The Filter Is Your Friend
Oh, pool filter... where would we be without you? For clearing up cloudy water, this part of your pool’s greater circulation system is huge. Give it the boost that it needs by deep cleaning it out by backwashing your filter (or if you have a cartridge filter, cleaning the cartridge), or replacing your filter media before running it again—and the best time to do this is after you’ve shocked your pool to make sure the extra sanitizer has reached your filter.

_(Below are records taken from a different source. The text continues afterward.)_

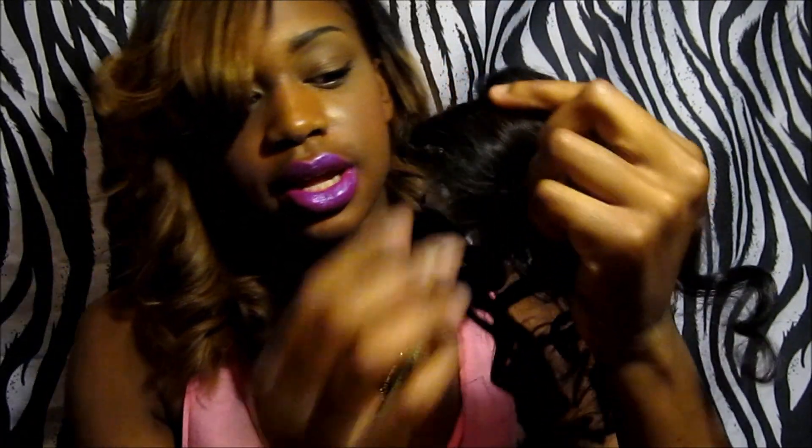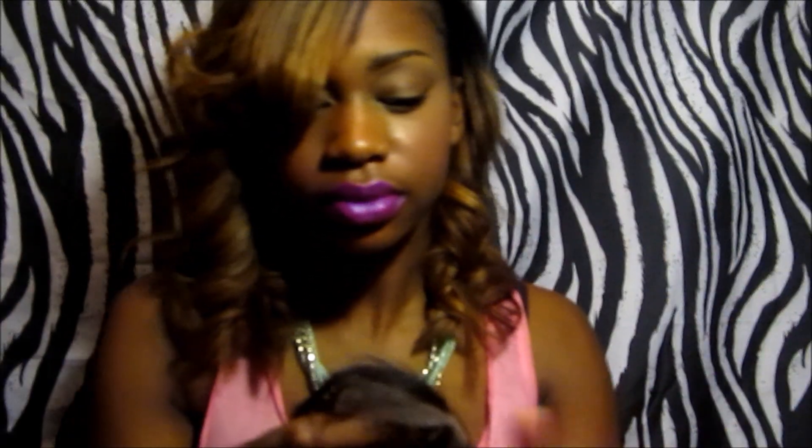I'm actually pretty excited about the closure. We got a few baby hairs in there. And this is what the bottom looks like. There are no guards and I don't believe the knots are bleached. Just stay tuned for that video and I'll see y'all later.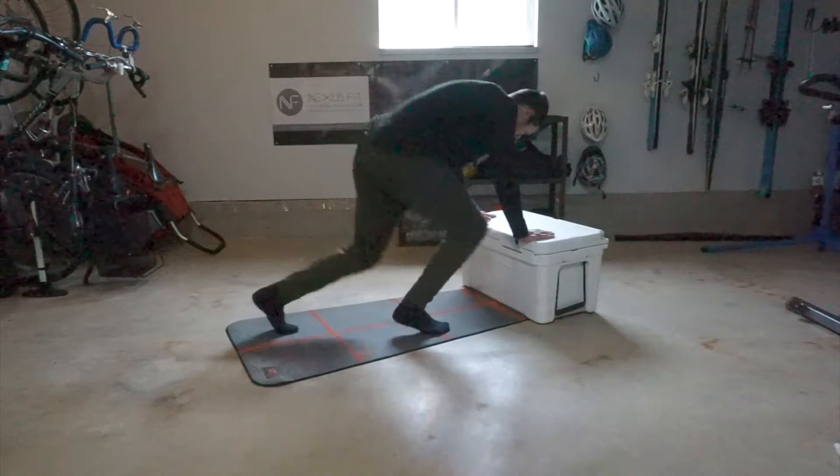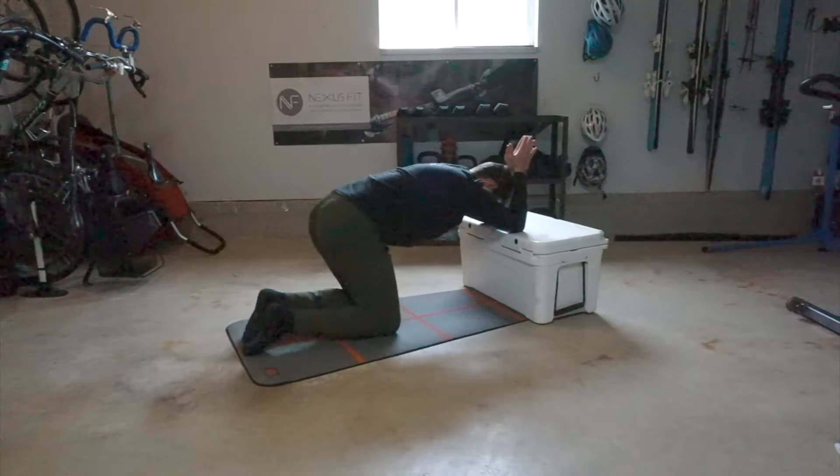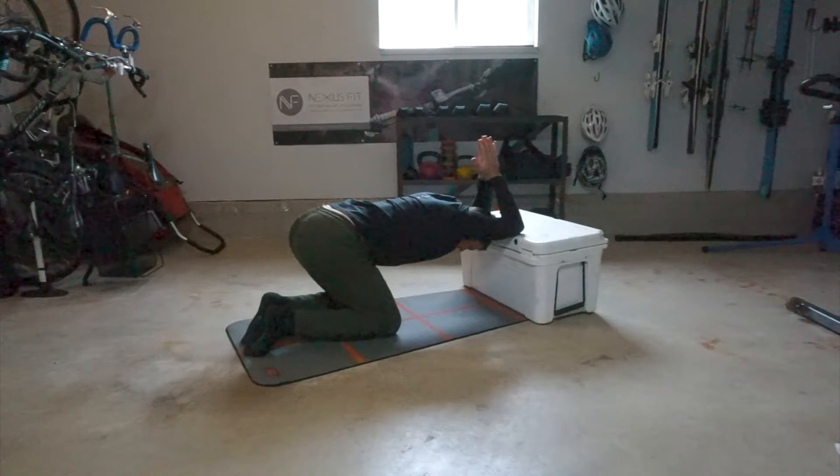You can obviously see why this is called the prayer stretch — kneeling at a bench, or in this case a cooler. Elbows on the bench, palms together behind the head, keeping the elbows bent at 90 degrees.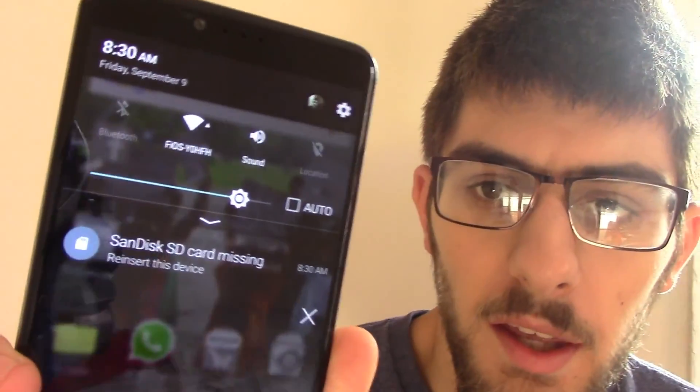So I take it out, and here it is — here's the tray with my SD card and SIM card. This is all it says, just because I don't have the SD card in there right now.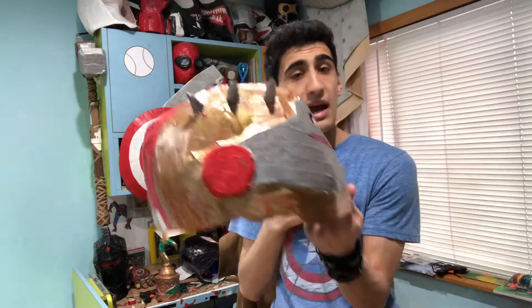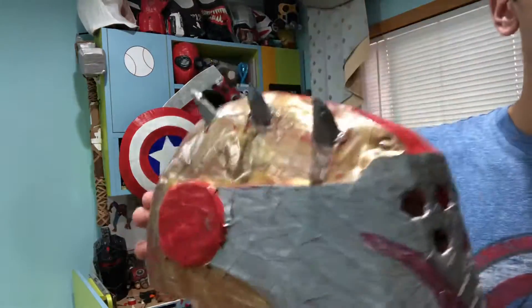Hey guys, it is Matt Costley Master. Today I will be giving you a review on the Rust Lord helmet that I've been working on, that one of my fans commented. But I did not have time to finish because I have to go somewhere for the next two weeks. So let's do this.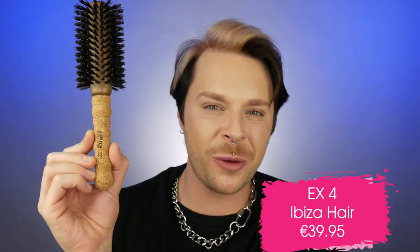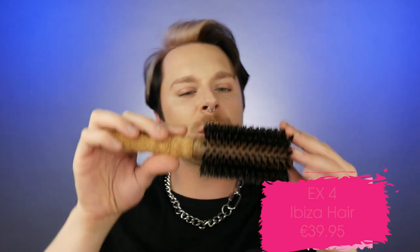Moving on to another brush, and that is the Ibiza Hair EX4 brush. Like the B3, we have another cork brush from Ibiza Hair, but this one is slightly different — it's a lot more dense, it's bigger, and it has a darker bristle. This brush is absolutely perfect for unruly long hair. If a client has really frizzy, really coarse, really thick hair, this brush will smooth it out really, really well, and the bristle on it is really tight.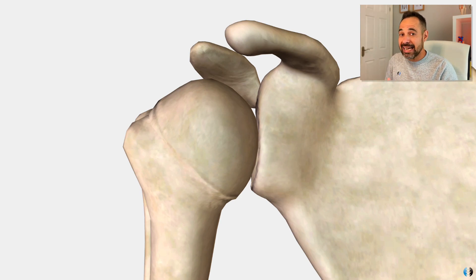Rather than being a traditional ball and socket joint, we sometimes refer to the shoulder or glenohumeral joint as a ball and saucer joint, because the saucer — or glenoid fossa — is so shallow it's a little bit like a ball rolling around a saucer. Eventually it will fall off because the saucer is so flat and not very deep.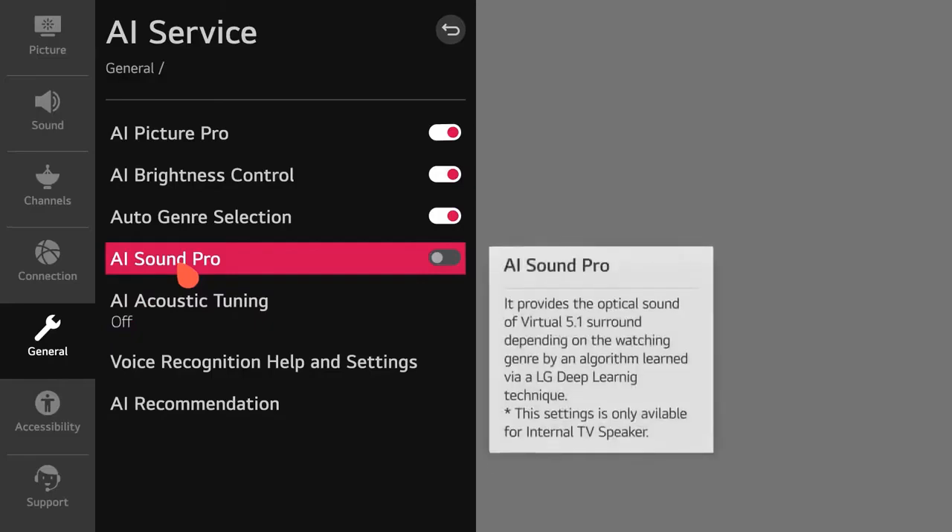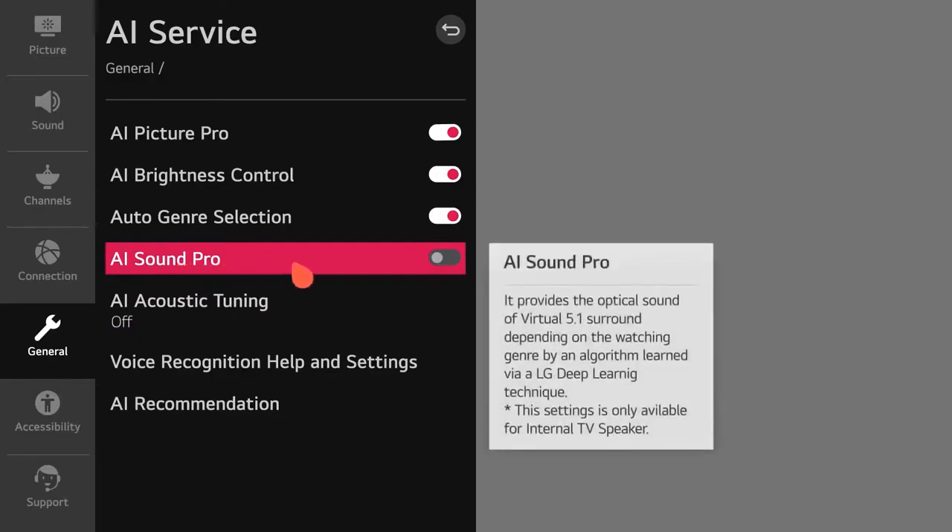Select General and find the AI Service menu. Turn on AI Sound Pro for a service that analyzes content with deep learning and brings you custom sound based on what you're watching or playing.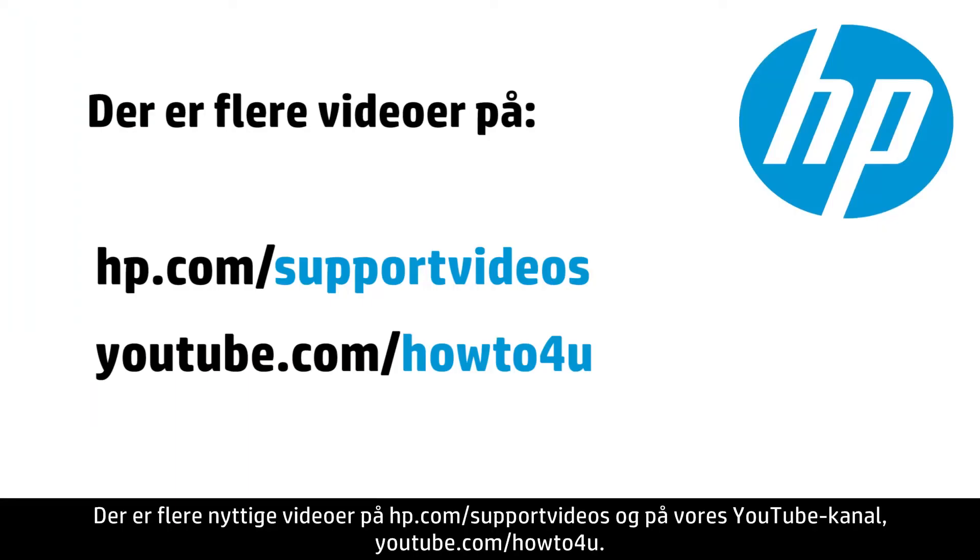You can find additional helpful videos at hp.com/support/videos and on our YouTube channel, youtube.com/howto4u.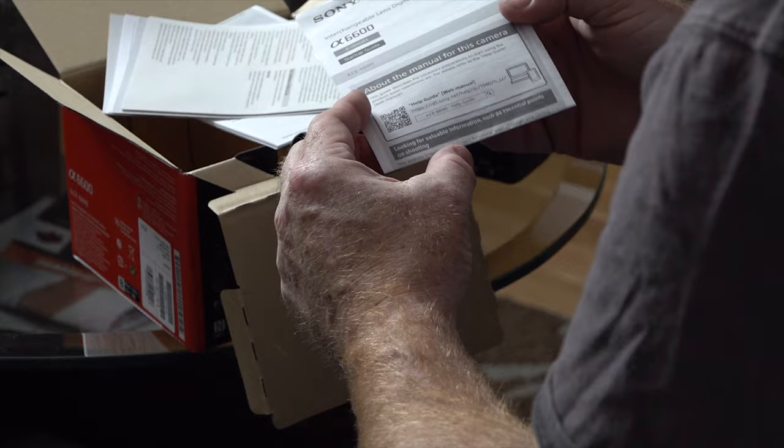It says 'about the manual for this camera' and sends you to the web. Why waste money printing when this thing is going to be updated at some point and its features and options will improve over time?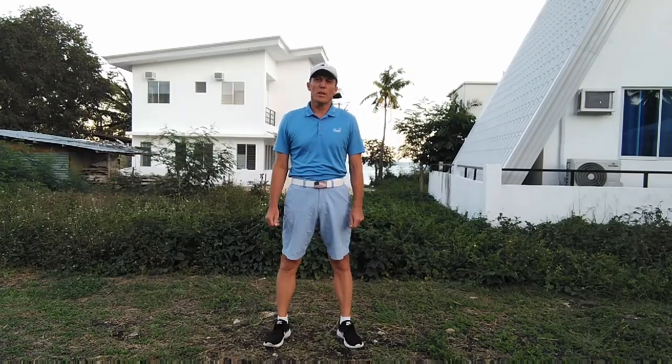Hello everyone, my name is Vern Hurley. Thank you for visiting my YouTube channel, Athletic Golf. I'd like to start this series teaching how to play golf, thinking of it in athletic terms.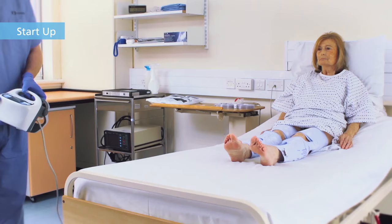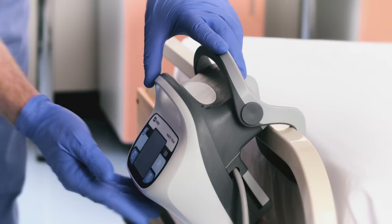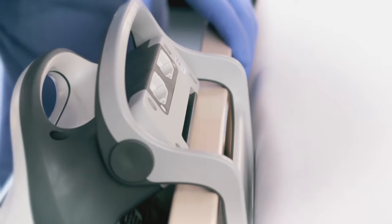Once the sleeves have been placed on the patient's legs, you can prepare the controller. Place the controller on the footboard of the patient's bed. Ensure that the device is securely fixed to the bed and that there is adequate air flow to the vents located at the power cord cover and below the tube set connection points.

Is water not pushing through your filter properly because your pump’s flow rate is weak? Try a booster pump like the dual-voltage Universal Booster Pump to increase performance. According to customer Jerad Wilson, “Great pump, quick delivery, and great pricing. Would buy from here again.”
Let the Bottom Drains Do Their Job
Make sure that any debris that your vacuum missed is properly flushed out by turning on your bottom drains, and wave that gunk goodbye. If you have a super-efficient robotic cleamer like the Blue Torrent MyBot In-Ground Robotic Pool Cleaner, you can probably skip this step.
Only an in-ground pool has bottom drains, but if you have a manual pool vacuum, you can flip it over on the center of the bottom of your pool to suck out debris that way instead. Nice trick, huh?
Test Your Chemicals!
Now that you’ve blasted away the cloudy-bearing bacteria, it’s time to make sure it’s real by checking your water chemical levels with test strips. If you find that you’re off, make the necessary adjustments and finish off the job.
Except for built-up debris, the causes for cloudy water all go back to the chemical balance of your pool water—and even with debris hidden inside your pipes or pump, if you tested your pool water frequently, you’d know there was an issue before you realized your pool looked murky. I’m always happy to help, but it would be great to never see you on this page again.
Back to Sparkling Water—Let’s Keep It This Way.
Now that you’ve tracked the cause of your murky pool and followed the necessary steps, your water is effectively reset—and this is the kind of blank slate any pool owner can get used to. The only clouds you have to worry about from here on out are the ones in the sky. Enjoy.